Однажды я увидела во сне, что стою на улице Терруа зимой. Вся деревня лучилась светом, исходившим не от неба или солнца, а от нее самой, и в этой ослепительной, вибрирующей, как музыка, белизне появлялись местные жители; все они были одеты в черное, но выглядели очень счастливыми. Я явственно видела их, слышала их разговоры, толкалась среди них, но вскоре заметила, что они не обращают на меня никакого внимания. Увидев своего кузена Эйсеба, я было подошла к нему, чтобы поздороваться, но он прошел мимо меня, как мимо пустого места. Тогда я заговорила с Эмильеной, однако сестра в это же время слушала кого-то другого. В отчаянии я обратилась к своей матери, потом к Мору, к Марсьену… увы, мой голос ни до кого не доходил, и ничьи глаза не встречались с моими. В конце концов мне все стало ясно: я не могла общаться с другими людьми, потому что была невидима.

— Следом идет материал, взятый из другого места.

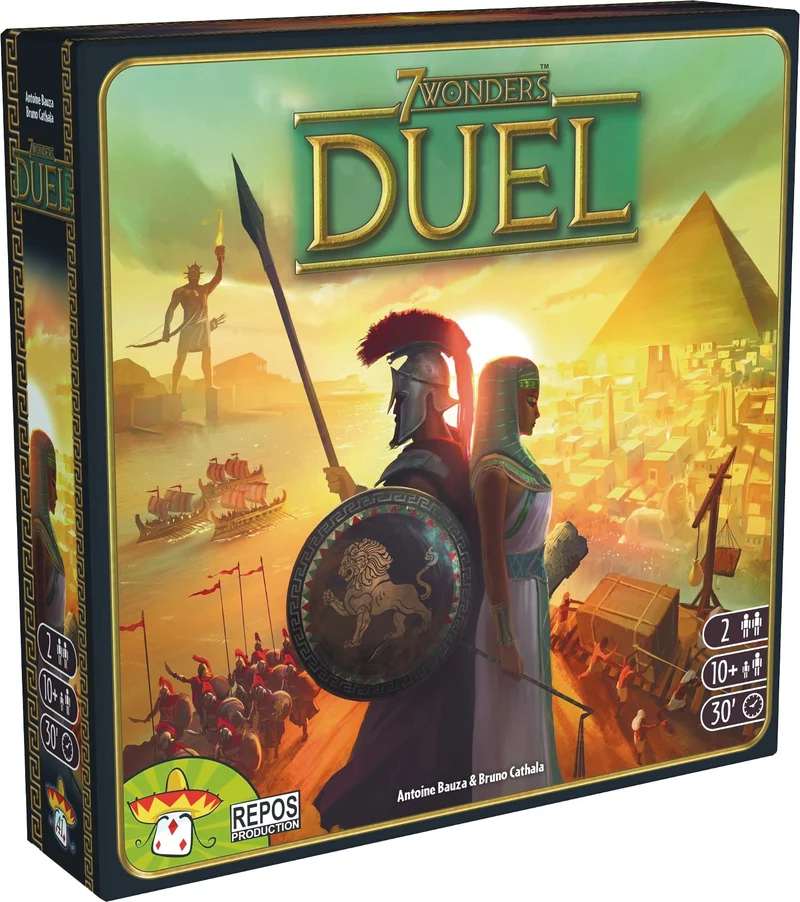 Asmodee - 7 Wonders Duel - Gioco da Tavolo di Strategia per 2 Giocatori, 10+ Anni, Edizione in Italiano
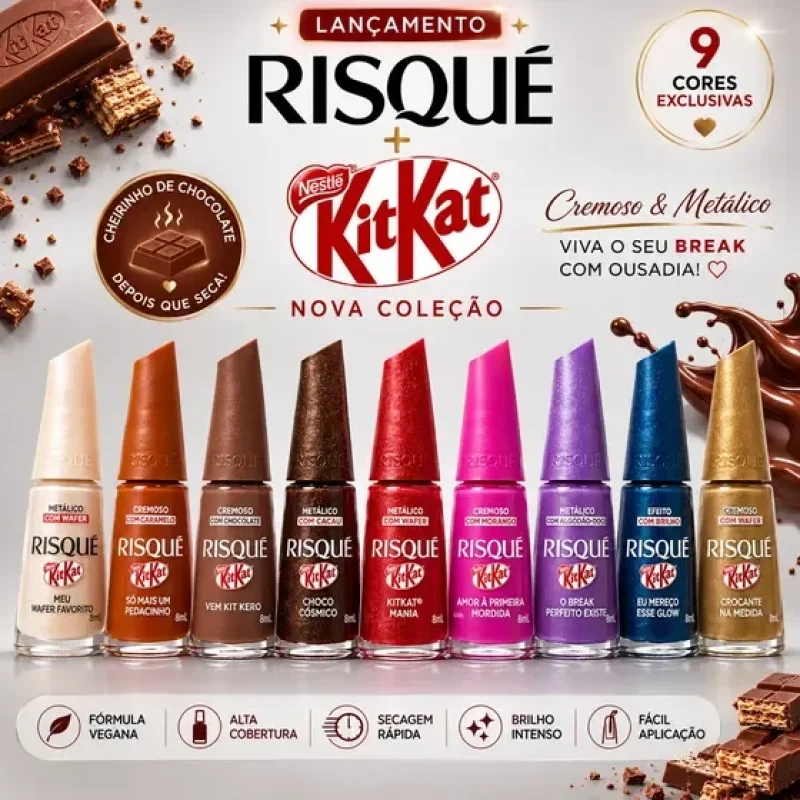 kit esmaltes risqué &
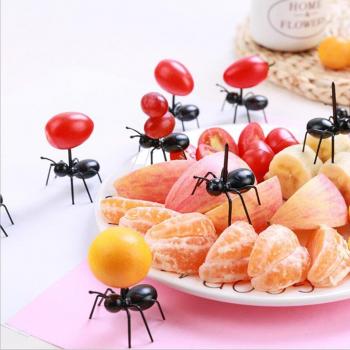 12 Ant-Shaped Fruit Forks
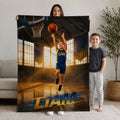 Favorite Sports Highlights Realistic Personalized Blanket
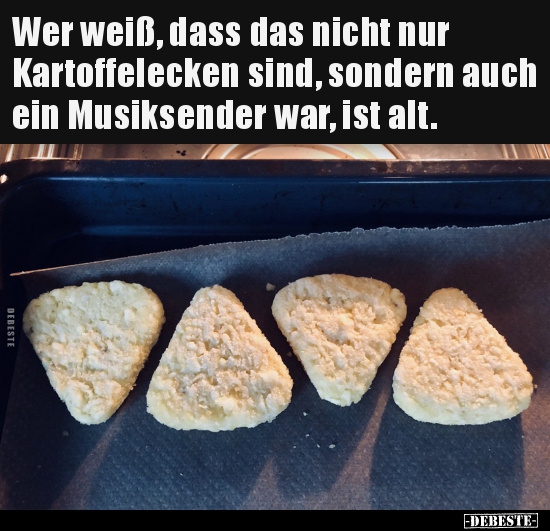 Wer weiß, dass das nicht nur Kartoffelecken sind, sondern.. - Lustige Bilder | DEBESTE.de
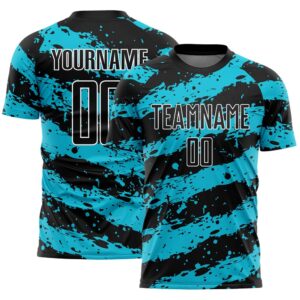 Black Lakes Blue White Splash Sublimation Soccer&hellip;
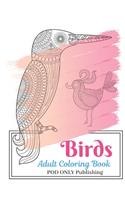 Birds Adult Coloring Book
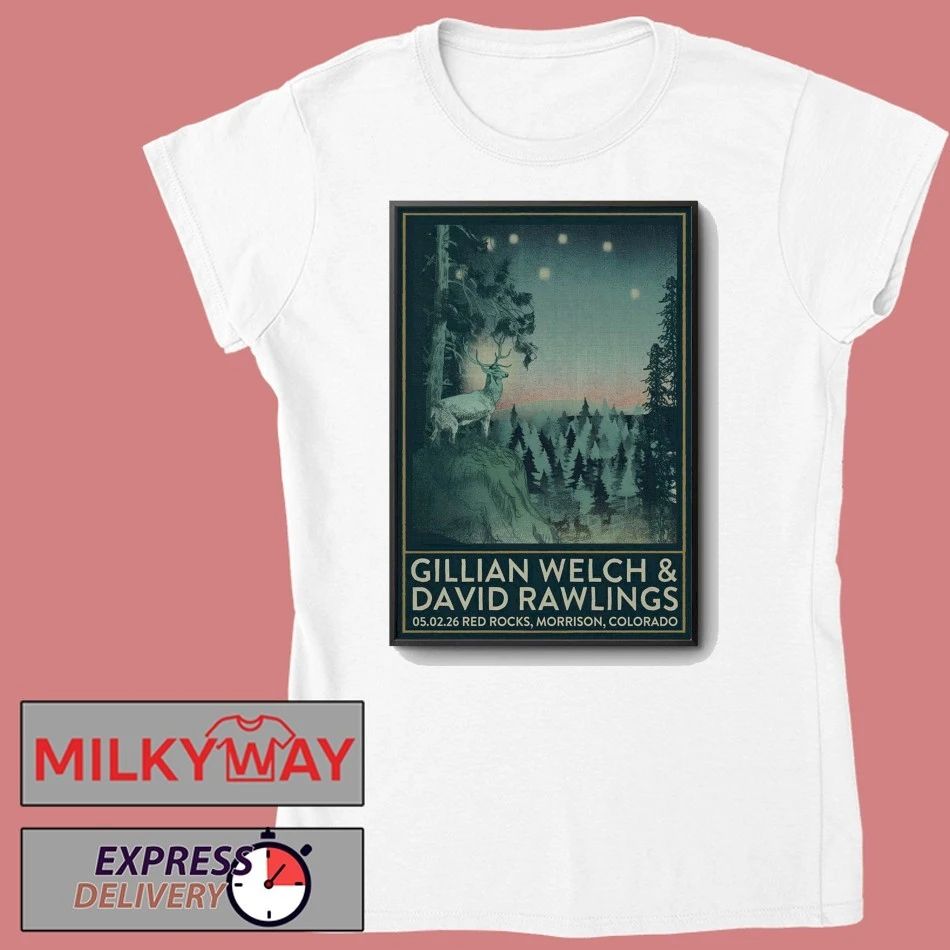 Gillian Welch And David Rawlings May 2 2026 in Morrison CO Poster shirt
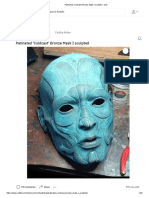 Patinated 'Coldcast' Bronze Mask I Sculpted _ Pics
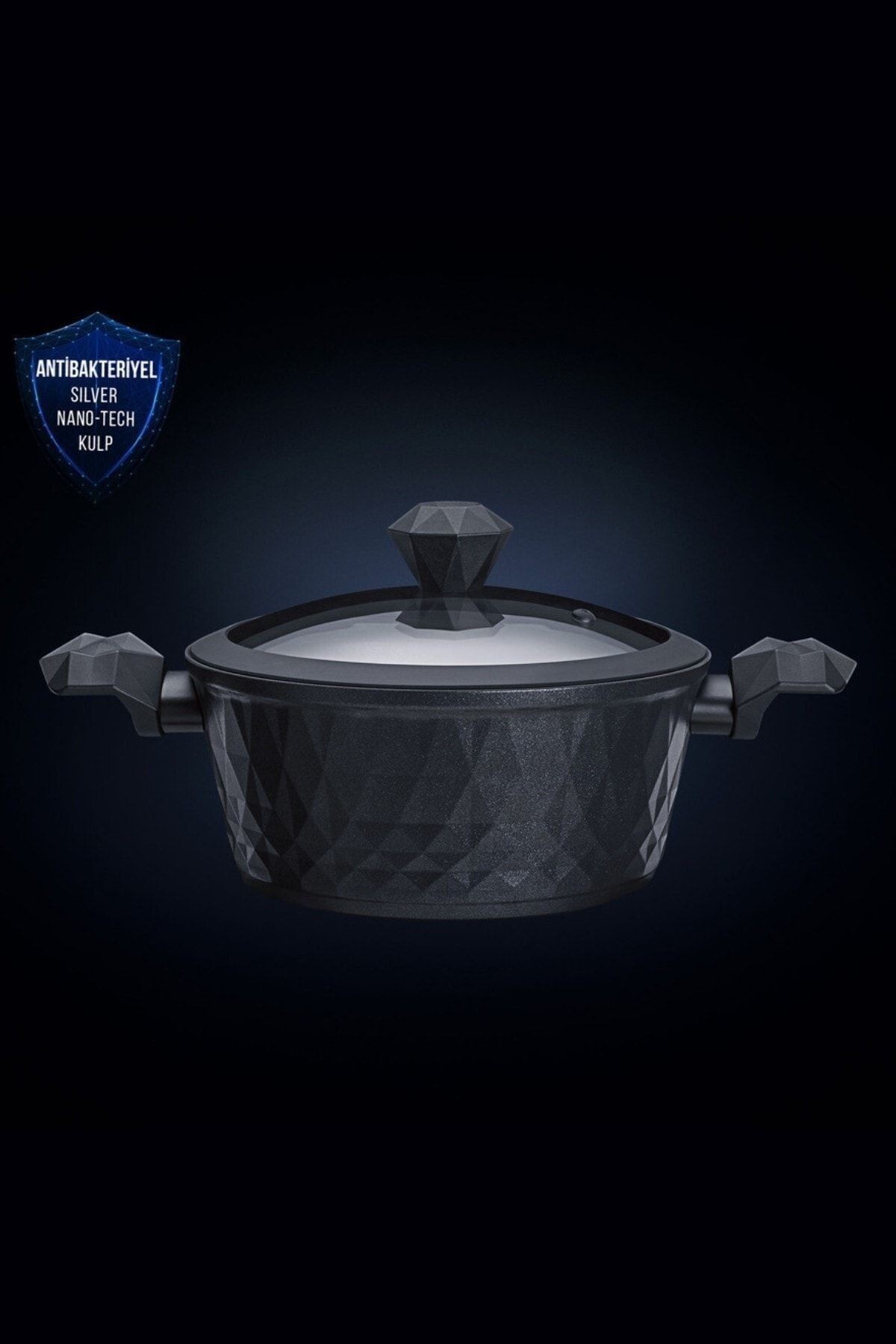 Biodiamond Antibakteriyel Kulp Indüksiyon Tabanlı Tencere 24 Cm 3,9 Lt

— Ты умеешь видеть интересные сны, — сказала Теода, — может, другим они и без пользы, а мне нравятся.
Днем она надолго куда-то уходила и, возвращаясь, приносила с собой свежий запах снега. Она придумывала разные игры. Начинались они с загадок, которые все мы в Терруа отлично знали.
— Что это такое: тридцать шесть белых карликов сидят в красных бархатных креслицах?
— Ну, это легко: зубы! — кричала я во все горло; затянувшийся отдых давал мне ложное ощущение здоровой силы.